I don’t think we need to create more roles as part of Digital transformation. The current roles played by CIO, CISO and CRO should embed Digital transformation skills as an intrinsic part of their role. Digital is another form of computation and automation of business and end user process. By creating too many roles we might end up in in creating un-necessary complexities, which could come in the way of ensuring effective execution and rapid technology adaption. It doesn’t matter what the title is, but it does matters who owns the responsibilities and whom does he / she reports to in the organization hierarchy. The challenges related to digital needs to be directly visible to the top management in order for timely action to be taken. For example, in most of the organizations, the CISO role is limited to only Policy and Compliance and with reporting to CIO. This needs change as the Cyber Security or Digital Security needs to be under the direct visibility of top management.
4. What kind of role have you seen does analytics play in the management of digital risks and how have businesses leveraged it for better planning and execution?
Yes, analytics does play a very important role. If we pay attention to the trend of innovation in computerization, we would obviously agree that we are in the midst of a significantly high digital complexity. We are in a confused state as there are too many conversations within technology units itself. We are not sure what the technology is trying to convey while it is functioning and additionally, we have to deal with ample number of devices in the network that are generating significant amount of talks in the form of logs. It is quite impossible for human kind to digest, understand and derive insightful information from all the logs that these devices are generating. In order to address this complexity, the only way is to have analytical engines running on these logs to produce meaningful and actionable information for us to digest and act upon. These analytics help enterprises to understand risks in totality, and come up with possible and effective remediation to address business risks in a timely manner. The days of running correlations and cross relations on the logs to alert us on risks is a thing of the past. We now have smart technologies which can act on the risk by itself and pass the actioned information along with suggested future course of action. Smart analytics are able to achieve this by spotting trends and patterns together with a suggested action plan.
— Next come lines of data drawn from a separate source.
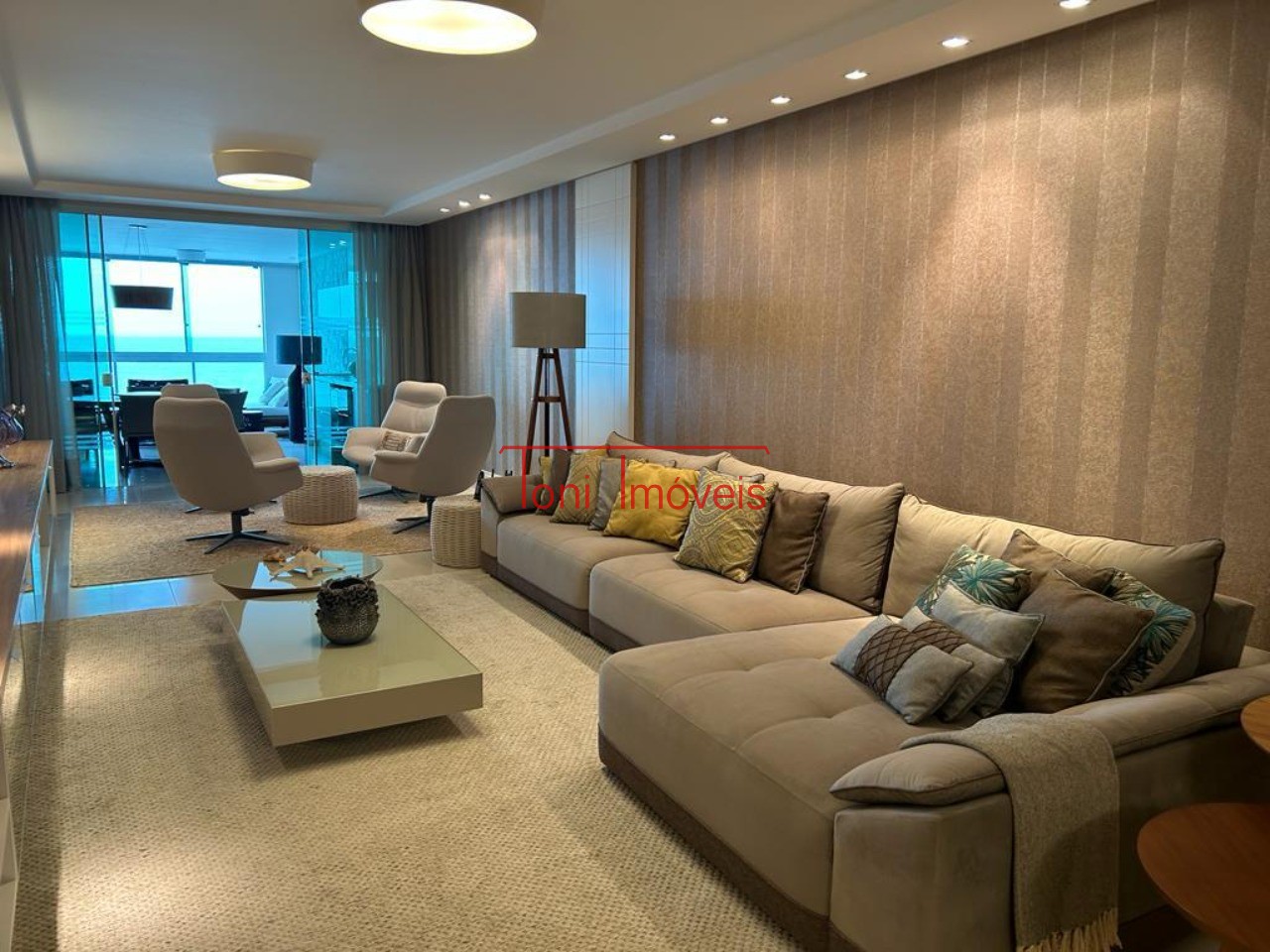Apartamento, 4 quartos, 320 m² - Foto 9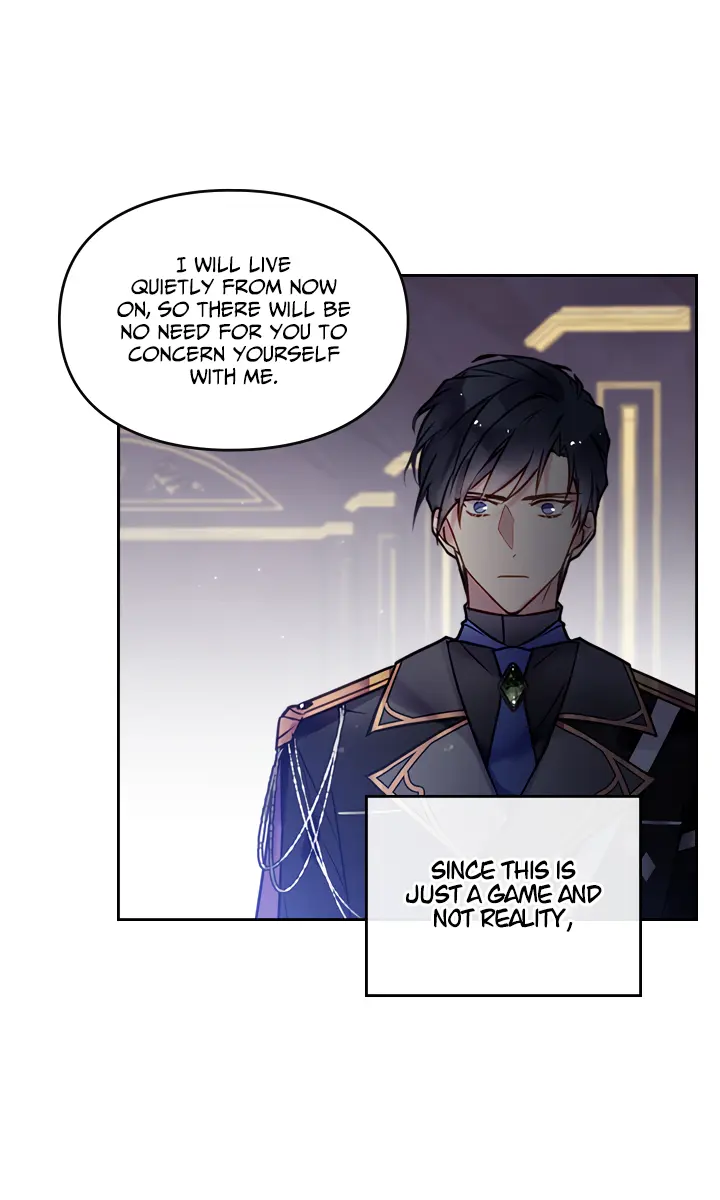 Villains Are Destined to Die Chapter 7 Page 50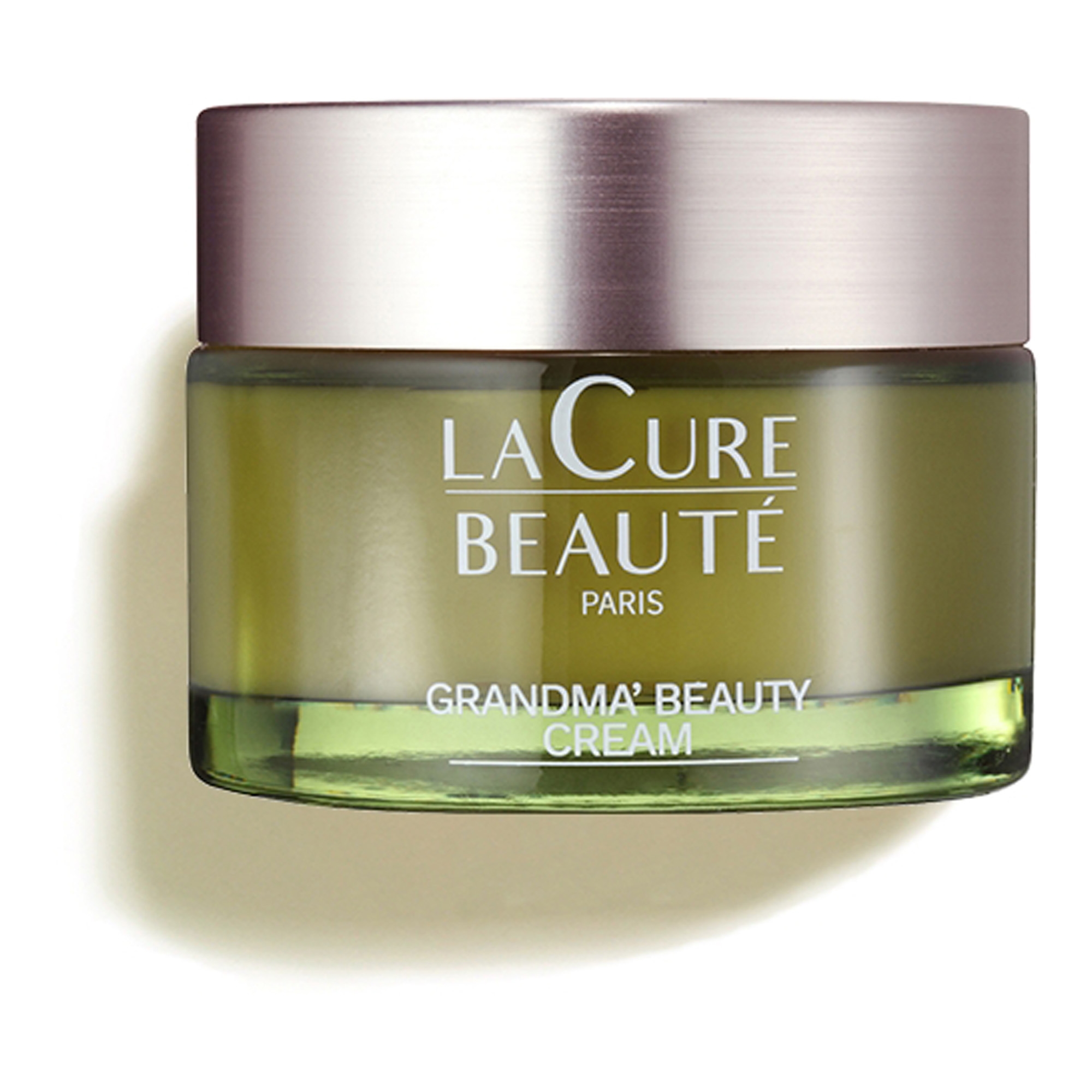 Niisutav ja toitev näokreem  Grandma Bea 50ml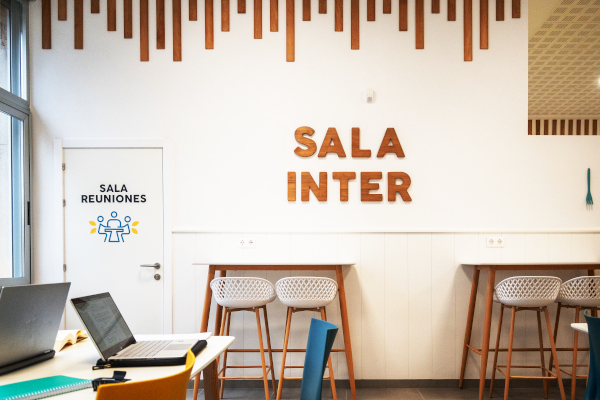Sala Inter
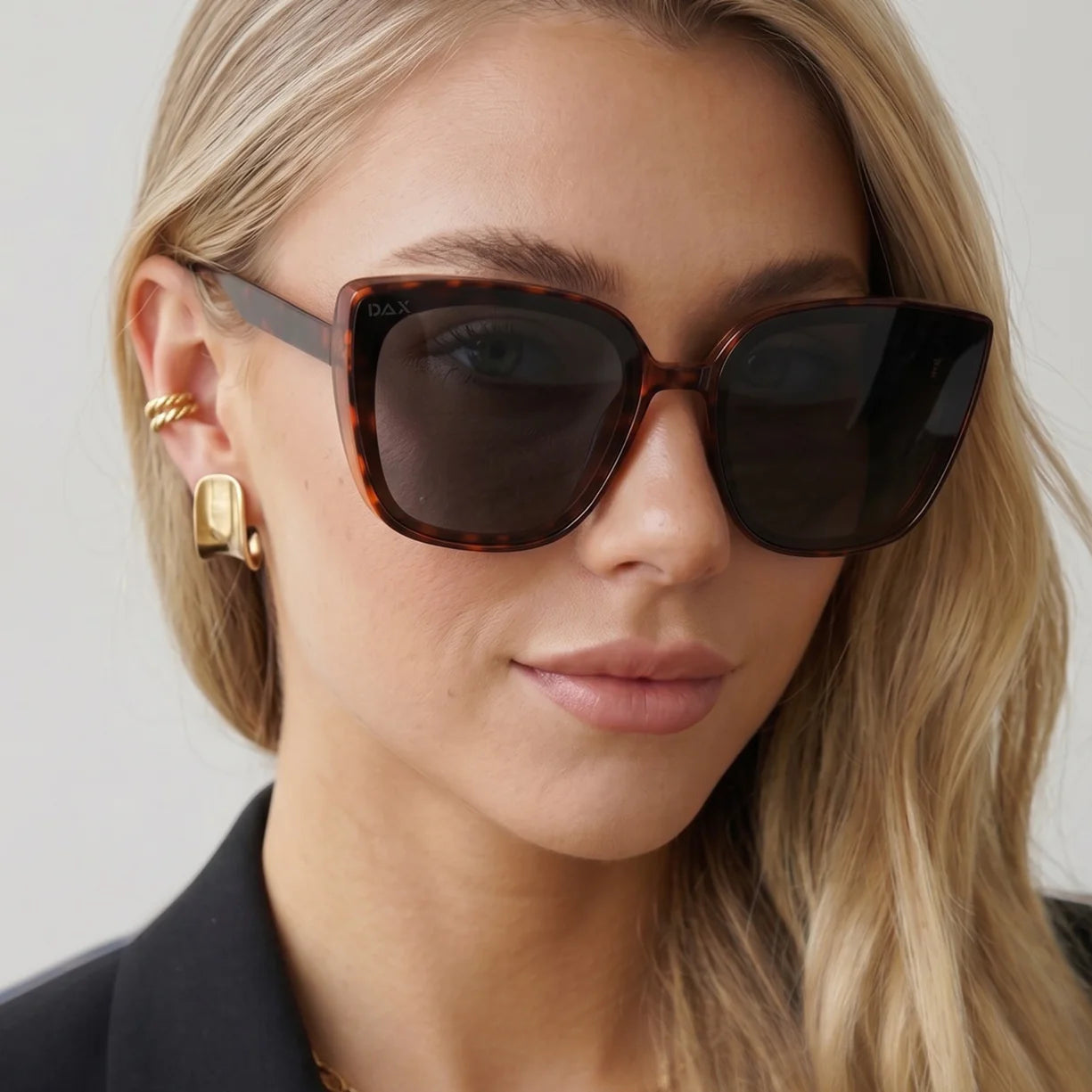 Lux Sunglasses by DAX Eyewear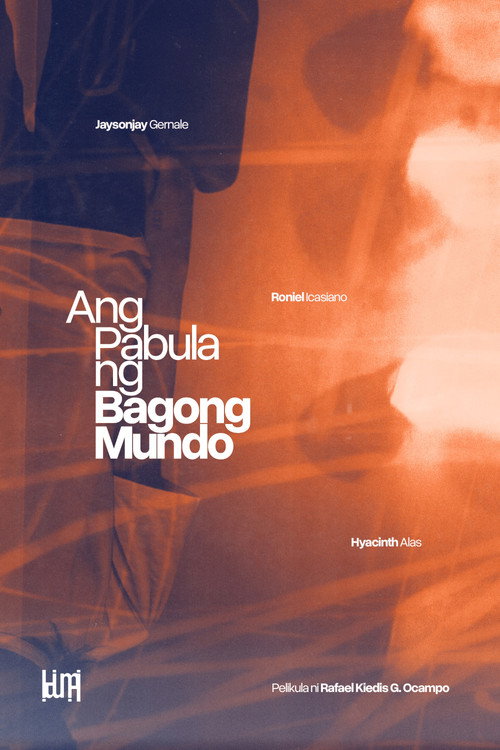 Ang Pabula ng Bagong Mundo
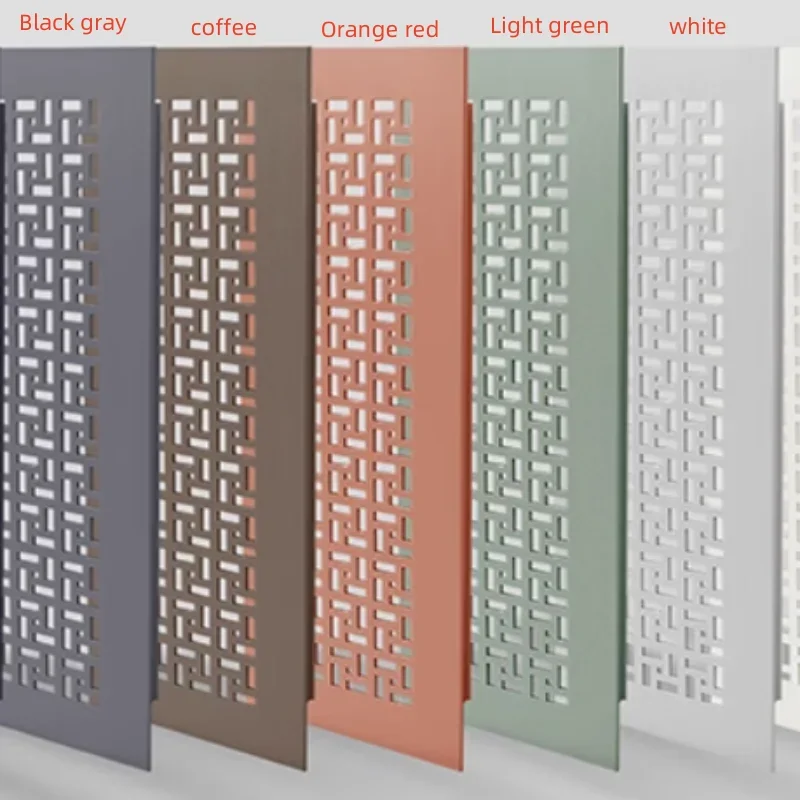 Premium Wide Square Rectangle Aluminum Air Vent Ventilator Grille Cover Air Conditioner Closet Shoe Cabinet 1pcs 50ｍｍ 80mm air vent grille,ventilation grille,air vent cover
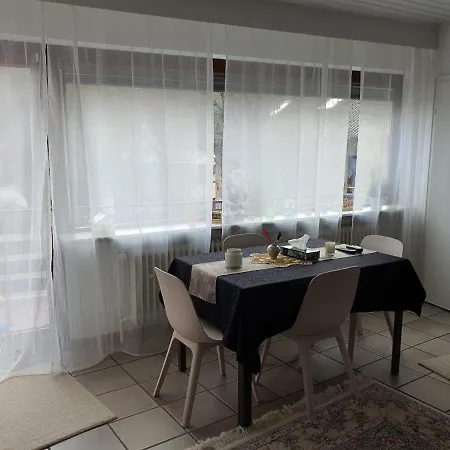 Garni Steinbacher Tal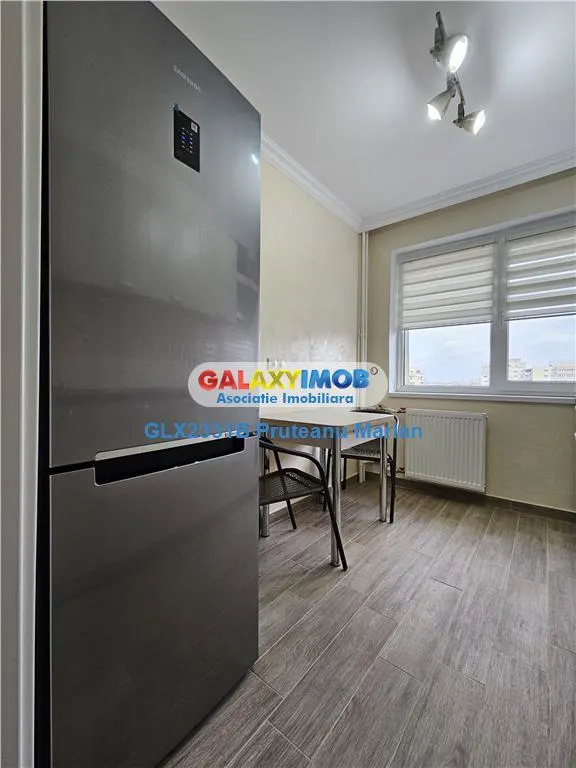 Inchiriere apartament cu 2 camere de Lux situat la Cora Lujerului - foto 21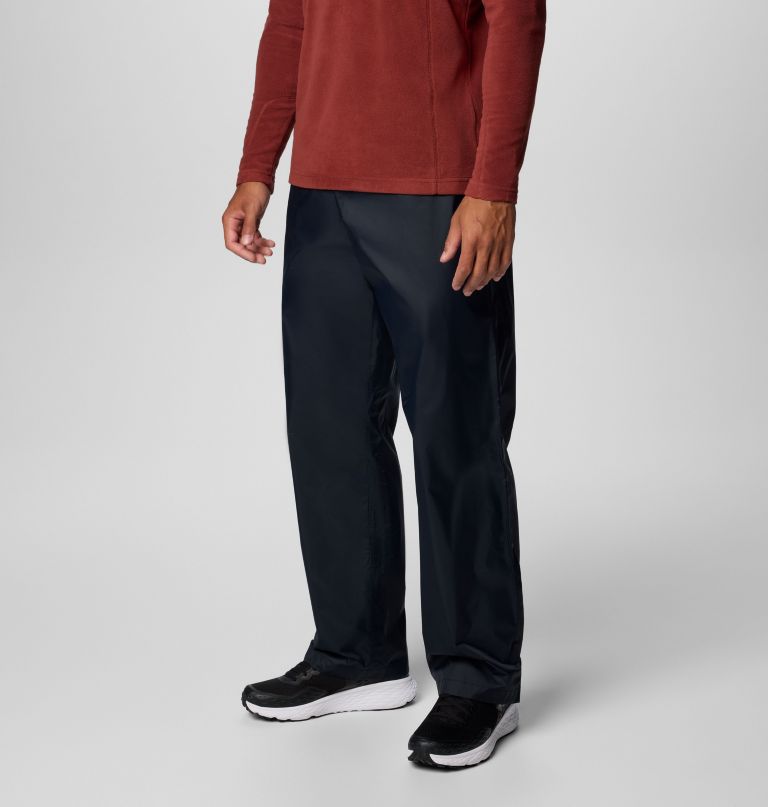 calças rebel roamer ii para homem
5. How do you believe nations should protect themselves from cyber espionage and put plans to counter a nation/state cyber-attack?
There should be a dedicated ministry for every nation which should own the strategy and execution of the nations’ cyber security and cybercrime. Every other ministry and states should work under the guidance of this dedicated ministry for all cyber Security and cybercrime initiatives. The strategy should allow innovation and change adaption, but the execution should be standardized. There should be a security framework, which takes into consideration all the industry sectors including water management, power management, food management, agriculture, IT, automobile, telecom, defense etc. This is highly important as we move to digitization and automation. At this point, security is unfortunately not receiving the emphasis as it should except to highlight in the media to grab attention as part of marketing.